- What the task asks -
Below are entries. Give back exactly the lines from the one containing "Christmas Steptoe and" through the one containing "Chevrolet Silverado 3500HD", inclusive, without the pictures.

- Stored data -
######

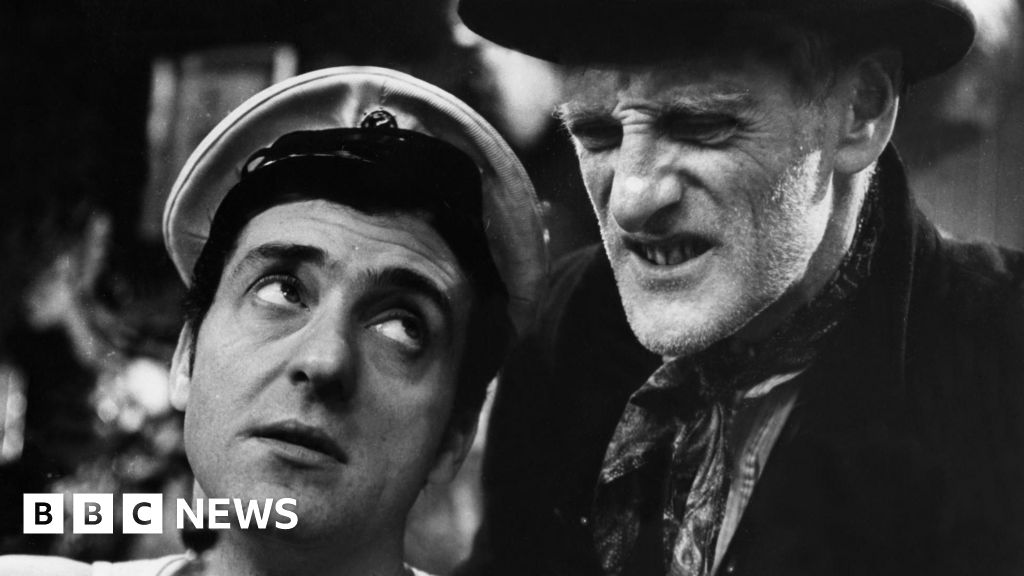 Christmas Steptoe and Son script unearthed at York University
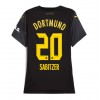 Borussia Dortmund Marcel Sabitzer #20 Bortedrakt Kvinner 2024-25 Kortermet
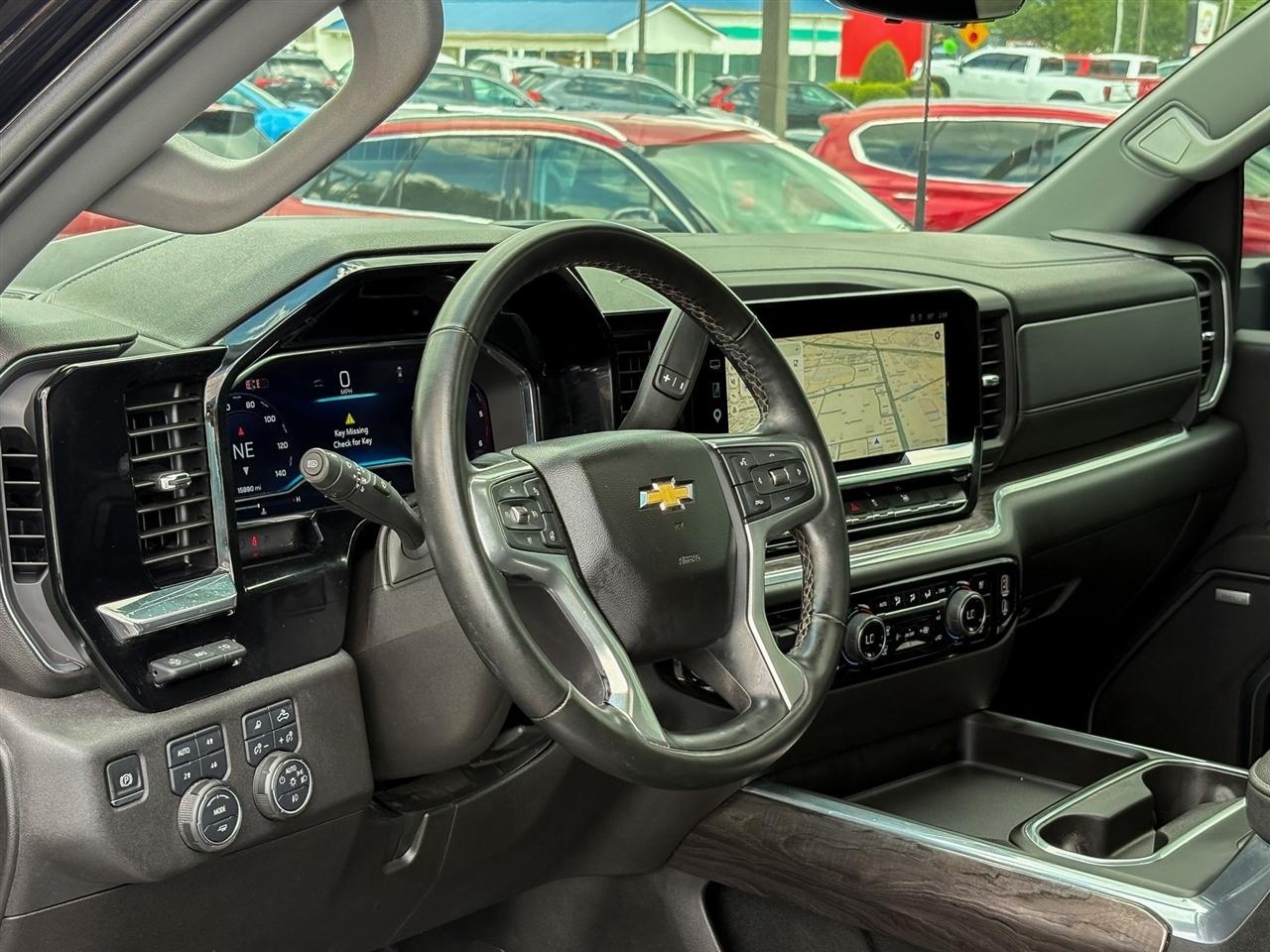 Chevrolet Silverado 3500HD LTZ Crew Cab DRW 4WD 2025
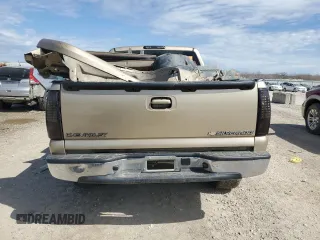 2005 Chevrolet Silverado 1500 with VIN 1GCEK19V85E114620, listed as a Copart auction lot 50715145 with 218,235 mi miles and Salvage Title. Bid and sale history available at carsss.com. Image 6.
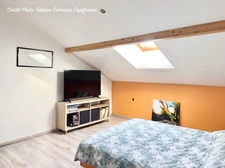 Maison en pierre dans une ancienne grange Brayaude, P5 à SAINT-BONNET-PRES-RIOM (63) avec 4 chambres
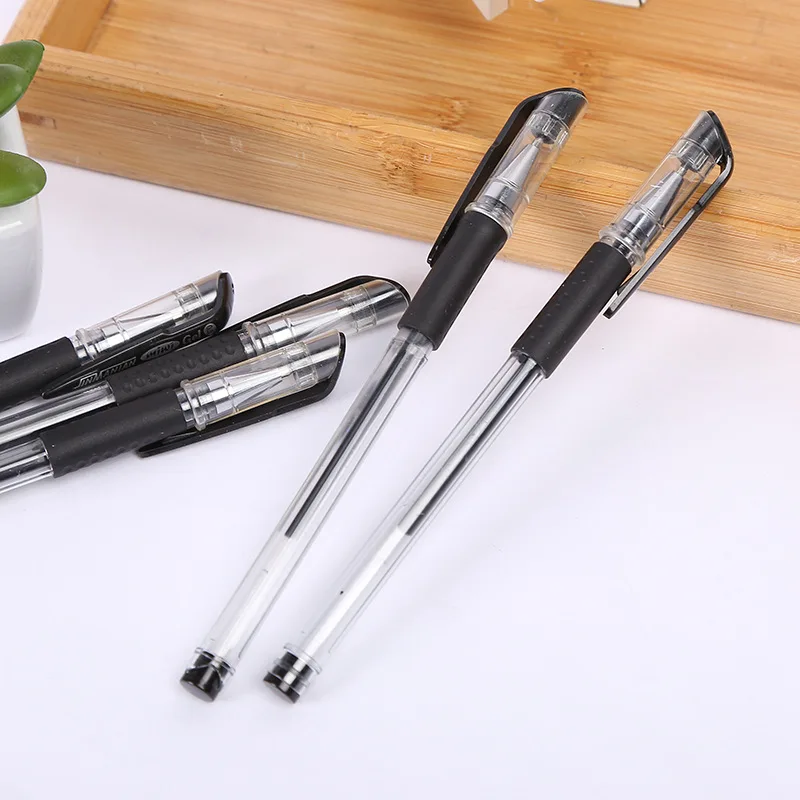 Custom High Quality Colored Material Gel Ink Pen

######

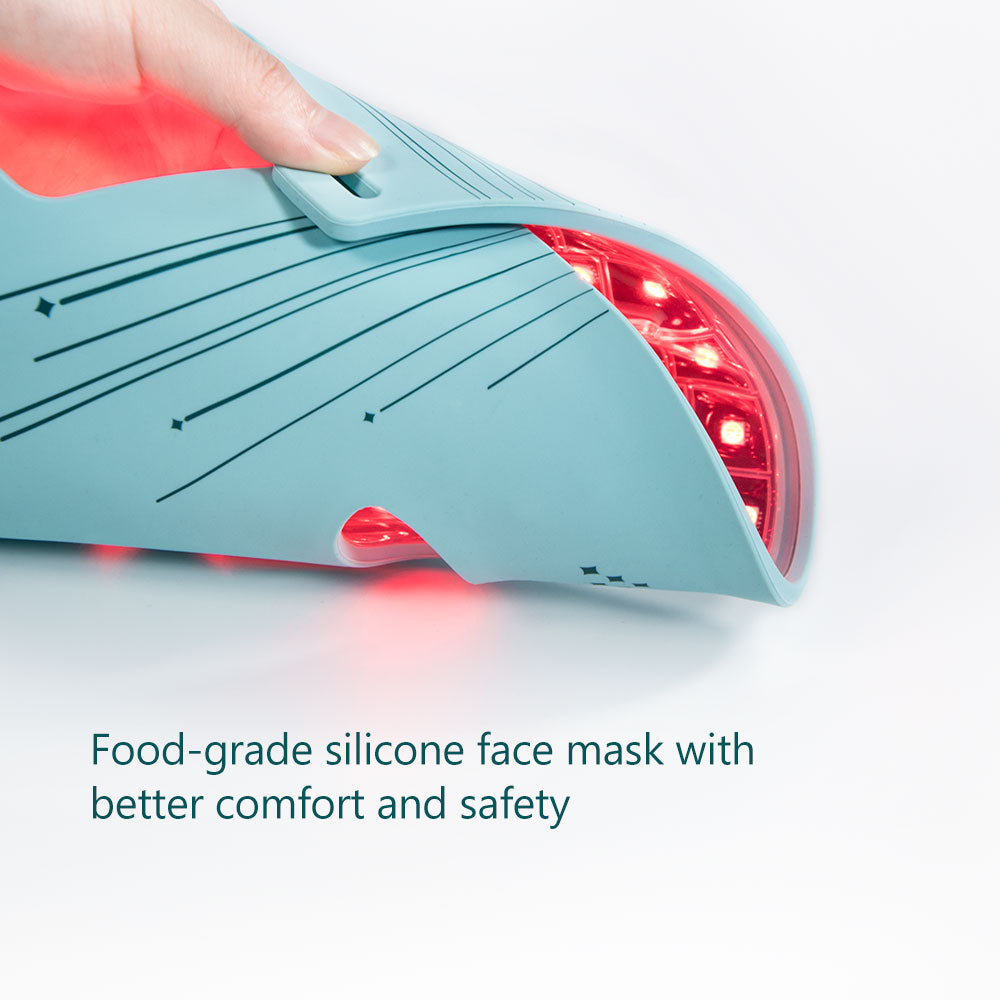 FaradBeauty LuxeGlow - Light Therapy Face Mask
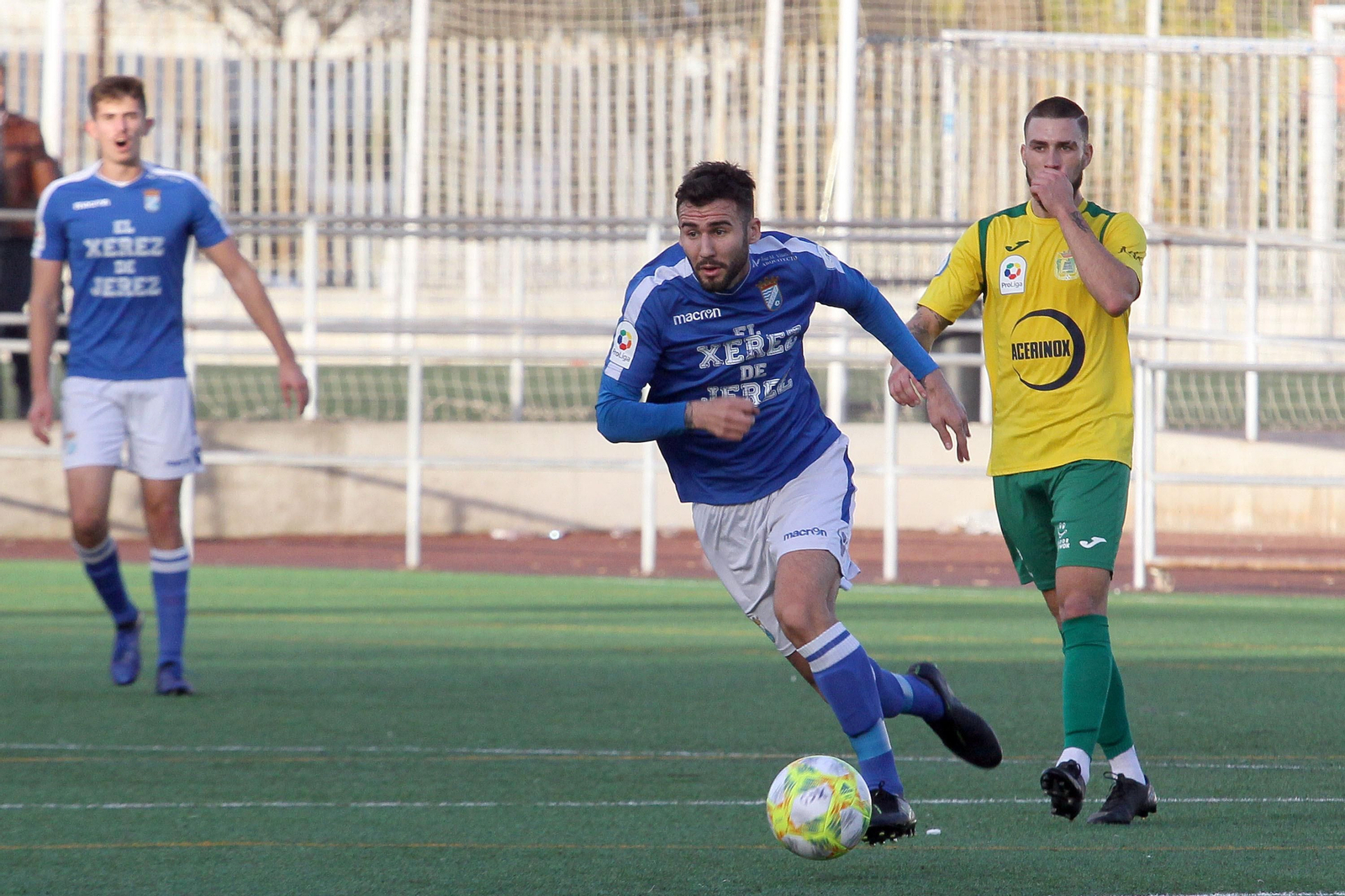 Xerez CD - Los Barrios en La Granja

######

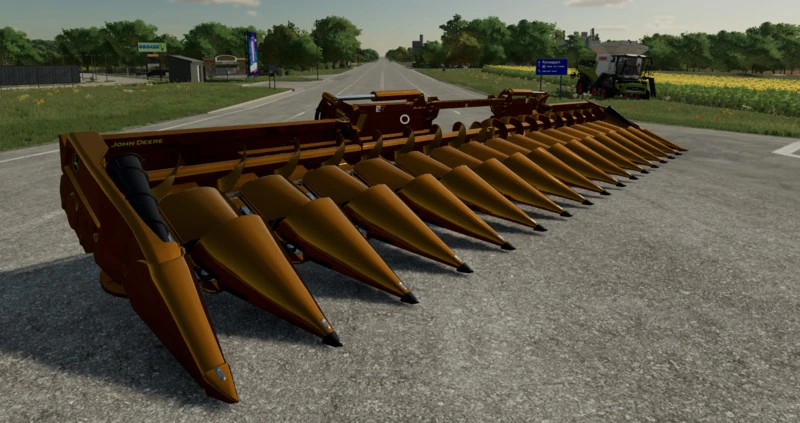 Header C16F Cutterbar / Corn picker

######

- Response area -
 Christmas Steptoe and Son script unearthed at York University
 Borussia Dortmund Marcel Sabitzer #20 Bortedrakt Kvinner 2024-25 Kortermet
 Chevrolet Silverado 3500HD LTZ Crew Cab DRW 4WD 2025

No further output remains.